Many of the provisions of the current Act are
retained. New provisions respond
to the Law Commission’s review of the current Act and reflect and respond
to technological
developments impacting on the way personal information is
handled by agencies. The Bill strengthens the role of the Privacy Commissioner
through requiring mandatory reporting by agencies of privacy breaches and
authorising the Commissioner to issue compliance notices
in response to privacy
breaches. It also enables the Commissioner to make decisions on complaints about
access to information rather
than referring these to the Human Rights Review
Tribunal.
- In
concluding that the Bill is consistent with the Bill of Rights Act we have
considered, in particular, its consistency with s 14
(freedom of expression), s
21 (freedom from unreasonable search and seizure) and s 25(c) the presumption of
innocence.
Freedom of expression
- Section
14 of the Bill of Rights Act provides that everyone has the right to freedom of
expression, including the freedom to seek,
receive and impart information and
opinions of any kind in any form. The right to freedom of expression has been
interpreted as including
the right not to be compelled to say certain things or
to provide certain information.1
1 For example, Slaight Communications v
Davidson 59 DLR (4th) 416; Wooley v Maynard
[1977] USSC 59; 430 US 705 (1977).
Proposed Part 3 Information Privacy Principle (“IPPs”), Public
Register Privacy Principles (“PRPPs”) and
Codes of Practice
Part 3, subpart 1 - IPPs
- The
IPPs govern and limit the manner in which agencies may collect, store, use and
disclose personal information. IPP 12 governs circumstances
in which unique
identifiers may be assigned and disclosed. Individuals collecting information
solely for the purpose of, or in connection
with, their personal or domestic
affairs are exempt from complying with most aspects of the
IPPs.2 News media are exempt in relation to their news
activities.3
- IPP
11(3) prohibits an agency which holds personal information from disclosing it to
an overseas person in reliance on various grounds
contained in IPP 11 unless
certain requirements are met. Broadly, the requirements are that privacy
protections comparable to those
contained in the Bill will apply, or the
overseas person holds the information as agent for a New Zealand agency or the
disclosure
is authorised by the individual
concerned.4
- An
individual may ask an agency holding their personal information to correct it.

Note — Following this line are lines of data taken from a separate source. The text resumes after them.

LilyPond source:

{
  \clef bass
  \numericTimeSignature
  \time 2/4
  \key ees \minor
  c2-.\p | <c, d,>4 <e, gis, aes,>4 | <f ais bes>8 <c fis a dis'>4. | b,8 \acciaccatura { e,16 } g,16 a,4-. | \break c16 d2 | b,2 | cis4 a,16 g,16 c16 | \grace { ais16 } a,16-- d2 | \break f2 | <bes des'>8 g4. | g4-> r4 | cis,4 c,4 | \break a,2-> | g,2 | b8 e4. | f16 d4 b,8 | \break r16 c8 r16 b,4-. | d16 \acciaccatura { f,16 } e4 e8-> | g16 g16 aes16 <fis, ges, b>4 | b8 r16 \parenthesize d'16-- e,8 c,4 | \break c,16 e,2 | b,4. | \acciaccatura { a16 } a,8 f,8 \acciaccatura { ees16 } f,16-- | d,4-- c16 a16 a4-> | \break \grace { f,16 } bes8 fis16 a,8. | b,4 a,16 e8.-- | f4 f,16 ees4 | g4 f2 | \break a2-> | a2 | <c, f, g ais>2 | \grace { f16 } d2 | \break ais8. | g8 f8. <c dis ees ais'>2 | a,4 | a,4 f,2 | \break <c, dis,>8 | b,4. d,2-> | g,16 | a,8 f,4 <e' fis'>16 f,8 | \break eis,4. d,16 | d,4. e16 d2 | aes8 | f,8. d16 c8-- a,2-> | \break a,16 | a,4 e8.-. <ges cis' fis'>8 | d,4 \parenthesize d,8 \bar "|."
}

If an agency declines the individual is entitled
to ask the agency to attach to
personal information a statement of the correction sought. An agency must take
such steps, if any,
as are reasonable in the circumstances, to attach the
statement of correction in such a manner that it will always be read with the
information. The agency must also inform the individual of the steps taken to
attach the statement or correction or that no steps
have been taken. As far as
reasonably practicable, the agency must inform every other agency to whom
personal information has been
disclosed of the correction made or statement of
correction attached.5
- The
above limits on use of personal information and the manner in which it is held
raise issues of prima facie inconsistency with
s 14.
- The
purposes of the Privacy Act are:6
- 9.1 To provide
a framework that promotes and protects an individual’s right to privacy of
personal information, while respecting
other rights and interests that may also
need to be taken into account; and
- 9.2 To give
effect to internationally recognised privacy obligations and standards,
including the OECD Guidelines and the International
Covenant on Civil and
Political Rights.
- The
restrictions contained in the IPPs are rationally connected to the above
purposes and protect individual privacy in a proportionate
and balanced way.
Agencies require personal information to carry out their business or provide
services and in return have obligations
regarding the manner in which they
collect, hold, use and disclose it.
2 Proposed s 24
3 Proposed s 6, and exclusion (xii) from the
definition of “agency.”
4 Proposed IPP 11(3) and proposed s 8.
5 IPP 7 and proposed ss 69-70.
6 Proposed s 3.
- We
conclude that the framework implemented by the IPPs constitutes a justified
limitation on s 14 of the Bill of Rights Act.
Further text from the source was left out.